I know that you’re not denigrating Brady. My issue is the reasoning around this hypothetical stuff. Your take is better than most of them, but I still strongly disagree with the thought process.
Mine is based on real-world experience, a general philosophy about opportunity and the little things that make a huge difference, and the history of success in an environment like the NFL. As for my take others, I find the whole Brady v Belichick argument truly dumb and a prime example of the corrosive nature of social media and talk radio. If any fans on the planet have ZERO reason to complain, it's the fans of the Patriots.

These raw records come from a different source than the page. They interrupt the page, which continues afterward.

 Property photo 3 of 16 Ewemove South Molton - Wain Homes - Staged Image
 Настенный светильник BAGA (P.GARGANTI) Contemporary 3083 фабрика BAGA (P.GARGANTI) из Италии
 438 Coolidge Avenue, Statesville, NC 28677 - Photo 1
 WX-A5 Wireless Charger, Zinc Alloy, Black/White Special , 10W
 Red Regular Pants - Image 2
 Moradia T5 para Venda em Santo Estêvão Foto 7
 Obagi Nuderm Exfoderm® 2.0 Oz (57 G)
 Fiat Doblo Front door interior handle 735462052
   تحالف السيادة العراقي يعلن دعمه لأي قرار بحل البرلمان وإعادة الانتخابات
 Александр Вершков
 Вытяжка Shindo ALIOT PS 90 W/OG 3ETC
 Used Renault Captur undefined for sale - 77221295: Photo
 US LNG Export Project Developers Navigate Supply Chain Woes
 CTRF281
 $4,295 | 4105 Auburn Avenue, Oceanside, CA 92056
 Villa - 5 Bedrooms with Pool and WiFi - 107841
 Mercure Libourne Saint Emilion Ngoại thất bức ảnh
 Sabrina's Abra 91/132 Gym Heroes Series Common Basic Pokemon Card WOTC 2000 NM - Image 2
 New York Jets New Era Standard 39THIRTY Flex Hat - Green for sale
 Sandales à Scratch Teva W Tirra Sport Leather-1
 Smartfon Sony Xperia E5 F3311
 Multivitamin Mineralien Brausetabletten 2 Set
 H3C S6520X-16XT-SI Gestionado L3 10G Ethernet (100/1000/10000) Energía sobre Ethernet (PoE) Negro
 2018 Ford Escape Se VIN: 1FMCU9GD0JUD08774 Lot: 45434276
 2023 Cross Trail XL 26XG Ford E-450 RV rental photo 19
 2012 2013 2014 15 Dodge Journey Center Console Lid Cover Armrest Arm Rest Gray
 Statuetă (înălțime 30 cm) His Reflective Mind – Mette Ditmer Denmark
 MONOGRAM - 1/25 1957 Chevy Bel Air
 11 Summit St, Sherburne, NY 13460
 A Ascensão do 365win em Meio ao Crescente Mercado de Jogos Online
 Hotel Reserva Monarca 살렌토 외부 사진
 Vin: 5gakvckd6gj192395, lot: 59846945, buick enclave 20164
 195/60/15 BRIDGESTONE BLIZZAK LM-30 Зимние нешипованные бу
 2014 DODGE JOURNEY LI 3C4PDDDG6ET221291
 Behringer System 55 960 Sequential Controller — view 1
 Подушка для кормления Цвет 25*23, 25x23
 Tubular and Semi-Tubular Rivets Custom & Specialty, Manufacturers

What we just saw won't be repeated.
Brady went to Michigan, and after moving up the depth chart by his junior year, suddenly freshman Drew Henson, the #1 QB prospect in the country, became the 1A starter breathing down Brady’s neck; boosters pressured Carr to play Henson. Brady platooned both seasons despite being much better than Henson. That was cited as a major reason Brady dropped in the draft.
It would be easy to play the what-if game right here. If Henson chooses any other school, Brady is a much higher rated prospect.
But it doesn’t stop there. He gets drafted into the NFL in the late rounds, mainly due to the unlucky Henson situation, to a team that already has three quarterbacks, including a consensus top-5 franchise icon, and should he get a chance, he’s going to have to lead an offense with no pro bowl talent. The team was 5-13 and averaged 17 ppg in the games he was on the sidelines as a backup.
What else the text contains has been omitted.